Znode webstore is configured with the required values for this header in the Web.config file. If you are using Content from additional sources, then you need to add those URLs in the Web.config file in the following section.
<add name="Content-Security-Policy" value="script-src blob: 'self' https://*.example-source.com https://www.example-source2.com connect-src 'self' https://www.example-source.com *.example-source2.com 'unsafe-eval' " />
Webstore Permission-Policy and Referrer-Policy
Permissions Policy provides mechanisms for web developers to explicitly declare what browser capabilities can and cannot be used on a website. You define a set of "policies" that restrict what APIs the site's code can access or modify the browser's default behavior for certain features.

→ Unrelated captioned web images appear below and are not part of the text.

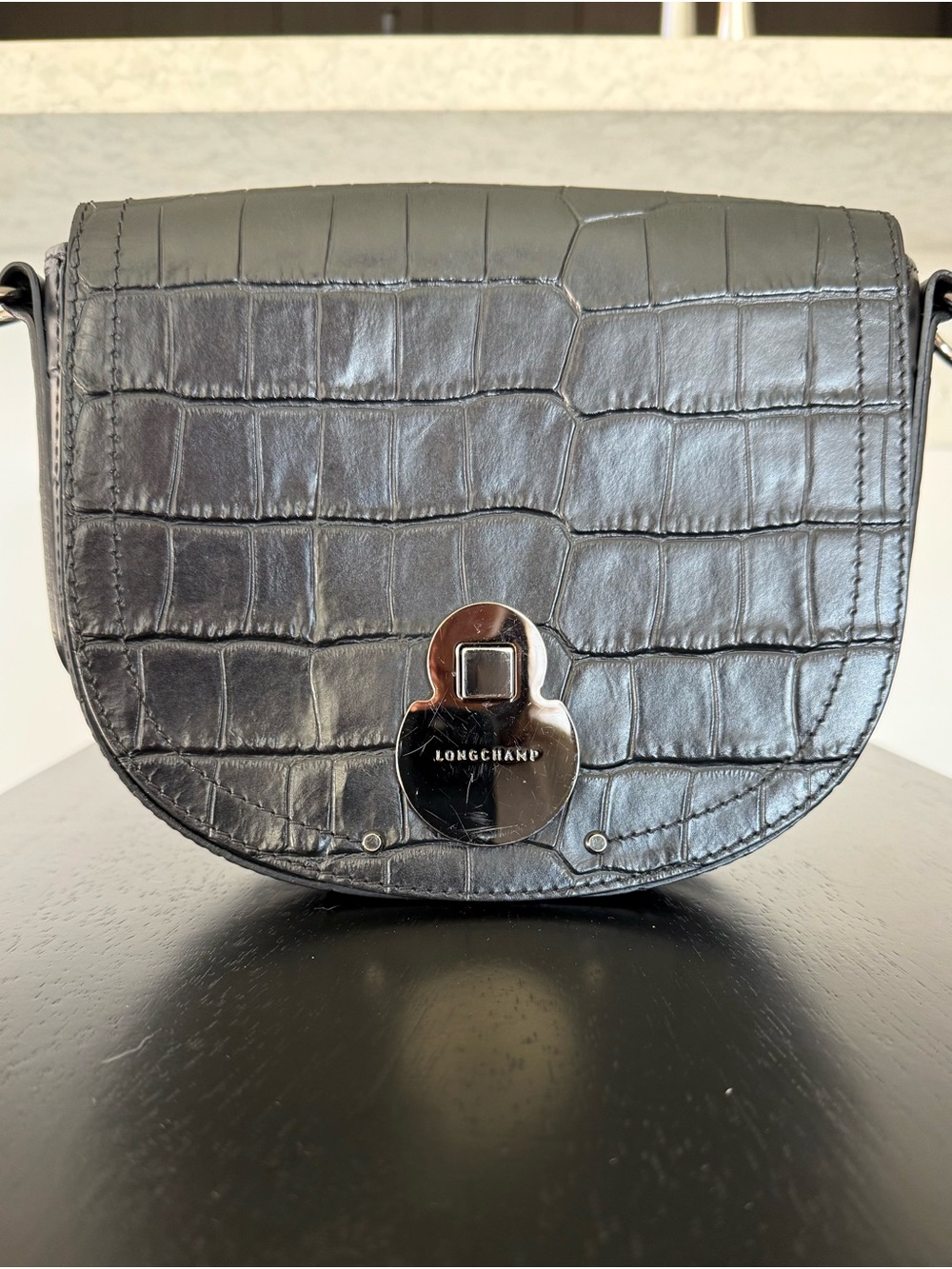 Longchamp Cavalcade Small Black Croc-Embossed Leather Crossbody Bag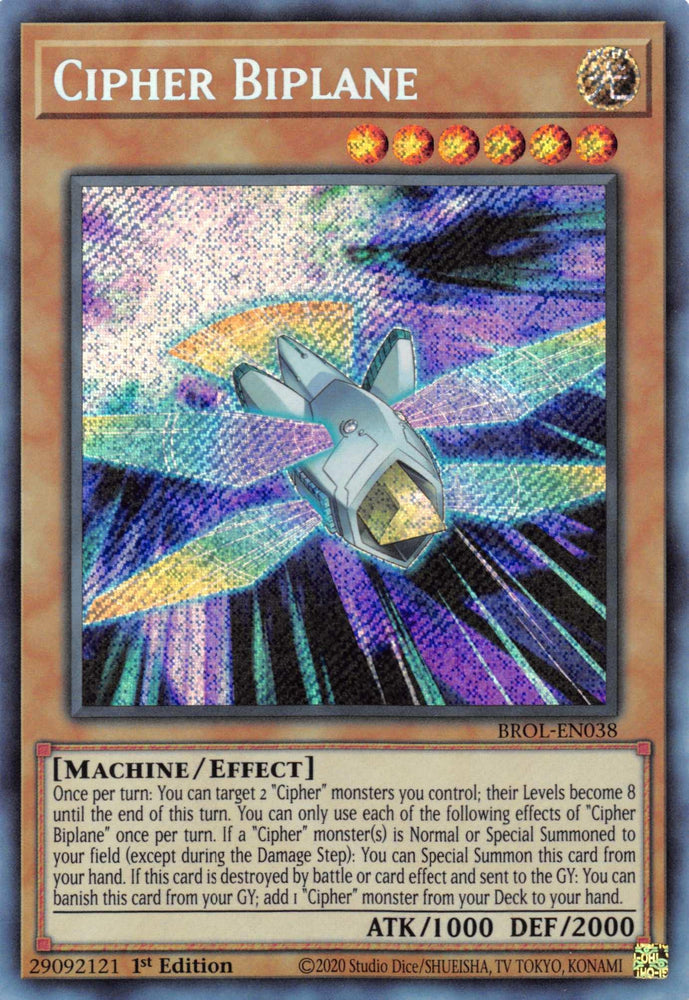 Cipher Biplane [BROL-EN038] Secret Rare (ONLINE ORDER ONLY)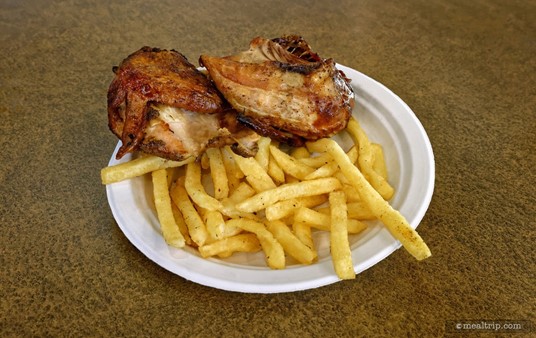The Barbecue Chicken Platter at  Voyager's Smokehouse is served with Fries. The "meal" plates at  Voyager's no longer include a dinner roll. (Photo 2023)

Znode webstore is preconfigured with default permissions policy in the WebStore Application Web.config file, please modify them as per your need.
<add name="Permissions-Policy" value="camera=(self), fullscreen=(self), geolocation=(self)"/>
Referrer-Policy is a new header that allows the site to control how much information the browser includes with navigations away from a document and should be set by all sites.
In Znode Webstore we have added the default referrer policy in the WebStore Application Web.config file.
<add name="Referrer-Policy" value="strict-origin-when-cross-origin" />
External WAF (E.g. CloudFlare)
A WAF or web application firewall helps protect web applications by filtering and monitoring HTTP traffic between a web application and the Internet. It typically protects web applications from attacks such as cross-site forgery, cross-site scripting (XSS), file inclusion, and SQL injection, among others.
For robust security of your application and based on your business needs, it is advised to use WAF to protect your application from a lot of known attacks and vulnerabilities.
Additional note: Znode has CDN Caching integration with Cloudflare. Cloudflare offers a WAF module as well for an additional fee.